I had so much stress trying to keep up the legalistic system. I felt like a fraud and hypocrite because I couldn’t. It’s so toxic to people and their spiritual life. I saw a lot of outward conformity while gross iniquity was inside the home that no one knew or talked about. Some people make it look like it works SO WELL and is THE WAY. There is a television show that glamorizes this life style with a very large family. The question I always wondered was….the teachings that family follow object to television…but they are ON television. Rules are arbitrary based on how they promote or don’t promote some teacher’s agenda.
I once taught a homeschool group about the danger of comparisons and I talked about marketing. Legalism markets its success stories just like any company. But you never get to see behind the scenes of a success story. The family on the cover of the homeschooling magazine, just like the girl on the men’s magazine, has been groomed and retouched and represented as desireable without regard to reality.
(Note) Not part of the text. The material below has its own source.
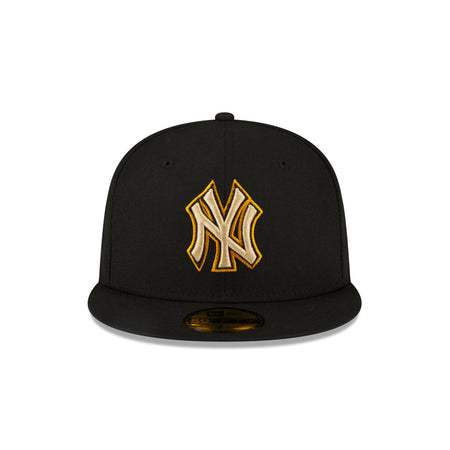 New York Yankees Slate 59FIFTY Fitted Hat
It seems good to me to hear of young people speaking out against the airbrushed models that are lifted up as ideals in the magazines. They claim that the perfect dimensions and complexions achieved through photoshop create an unreachable standard for young girls and are responsible for a great deal of the depression suffered. In the same way, legalism presents its phony models and tells everyone to be like them. No wonder people feel like failures!
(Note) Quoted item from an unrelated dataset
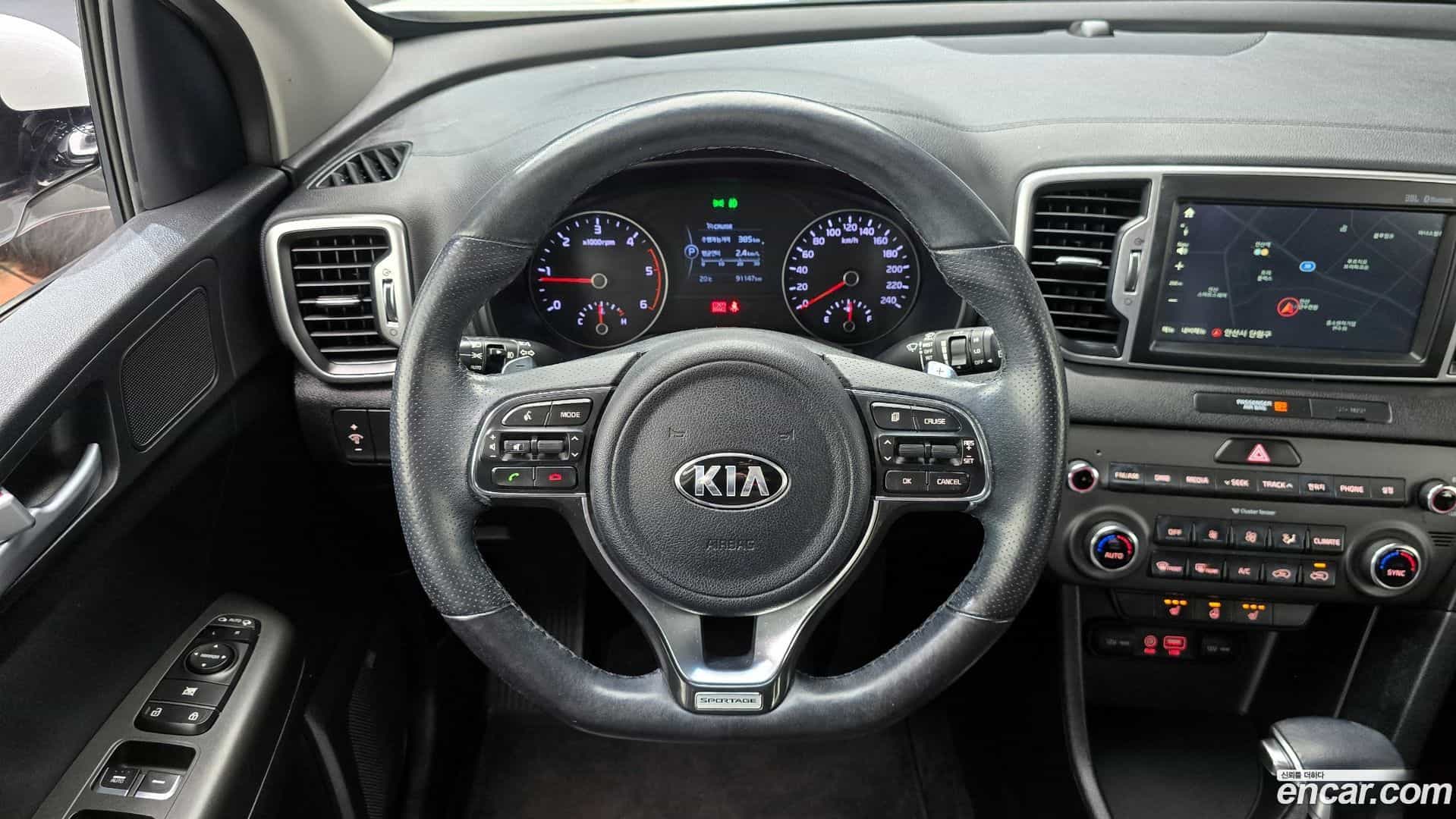 Sportage Kia 2016.4-OPTION-016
The television show you mention is really a classic example of the hypocrisy of legalism, particularly the movement that family is part of. You are right that the people are taught not to watch TV, yet here is a family that makes its living from its television contract. Those who have been in the life of this group know that the message is compromised and the lifestyle is misrepresented so that people will accept the group as they watch the show. Not only does this family not represent the norm with the huge number of children, they also seem to have a great deal of money. Try having a big family in a normal or small house with old cars. Then see how much fun it all is.
I love having a big family, but I don’t want to lie about it. A big family presents unique problems and challenges. There is a lot of love and a lot of fun, but there is also a lot of work.